### [Task instructions]
Write the data out again exactly, with every picture removed.

(Information supplied begins)

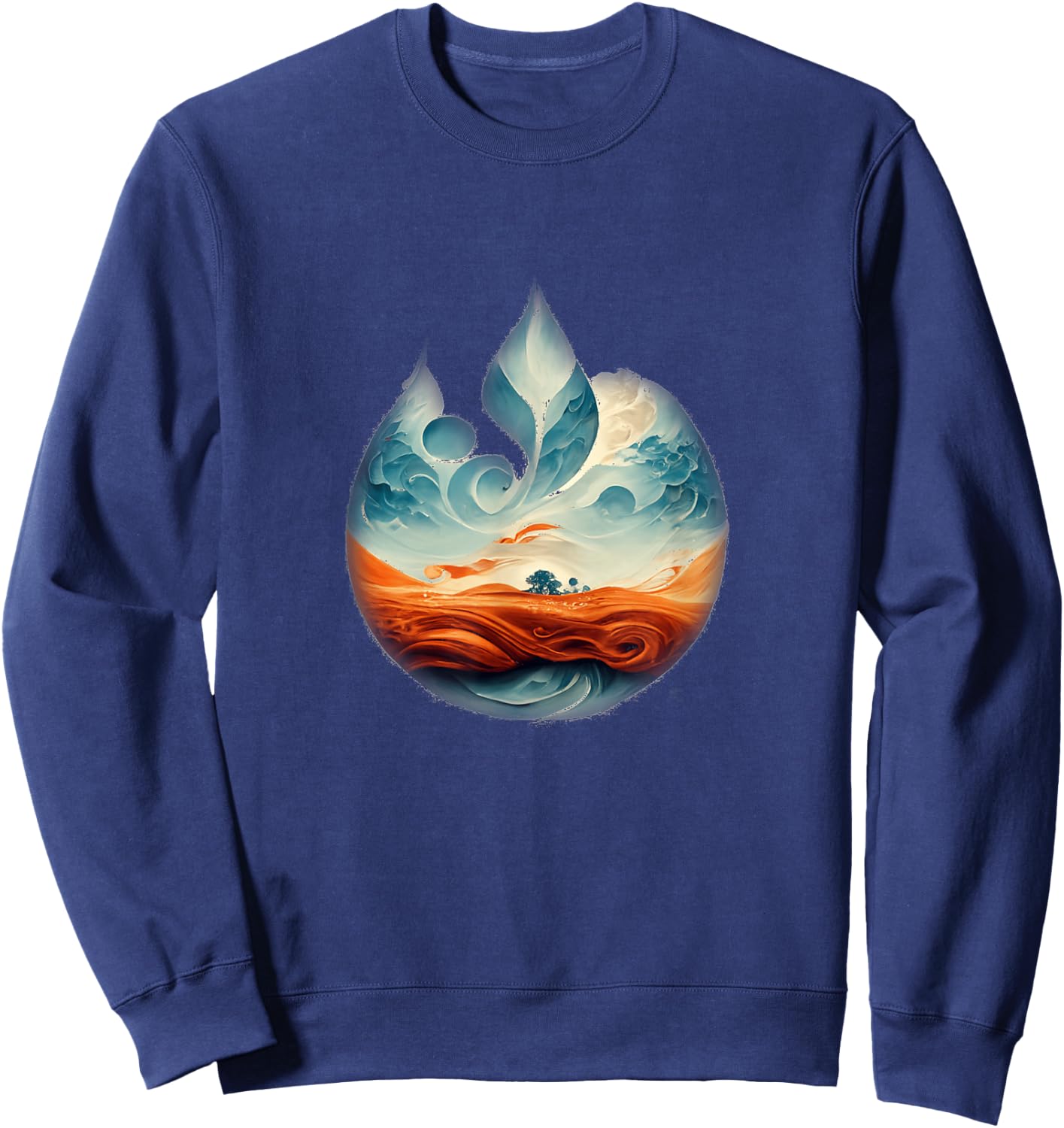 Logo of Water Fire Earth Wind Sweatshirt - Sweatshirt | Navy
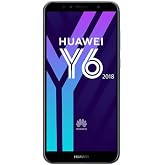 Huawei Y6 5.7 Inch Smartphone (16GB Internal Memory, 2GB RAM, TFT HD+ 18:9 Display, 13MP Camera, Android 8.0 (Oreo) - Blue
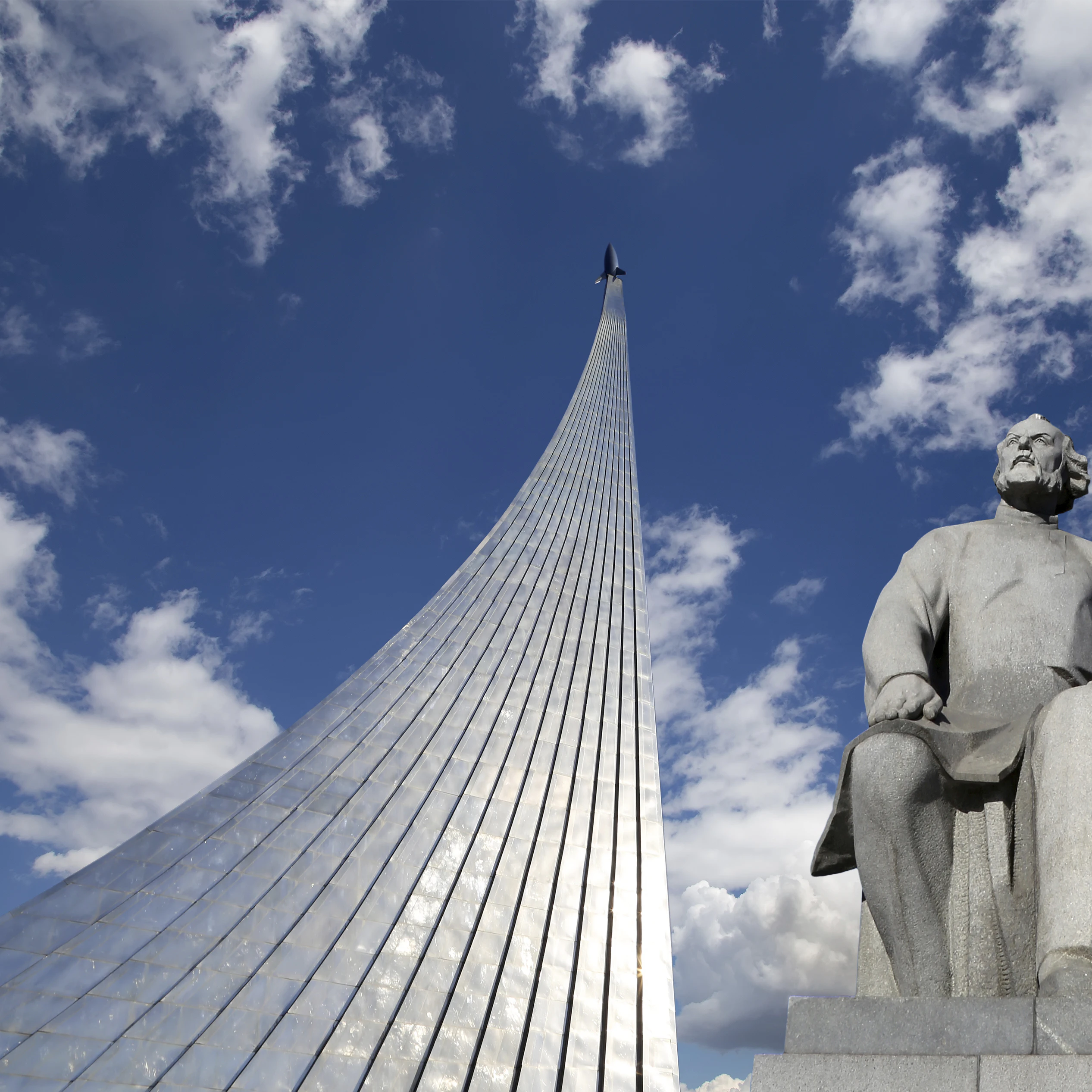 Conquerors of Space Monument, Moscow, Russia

(Information supplied ends)

### [Output]
 Logo of Water Fire Earth Wind Sweatshirt - Sweatshirt | Navy
 Huawei Y6 5.7 Inch Smartphone (16GB Internal Memory, 2GB RAM, TFT HD+ 18:9 Display, 13MP Camera, Android 8.0 (Oreo) - Blue
 Conquerors of Space Monument, Moscow, Russia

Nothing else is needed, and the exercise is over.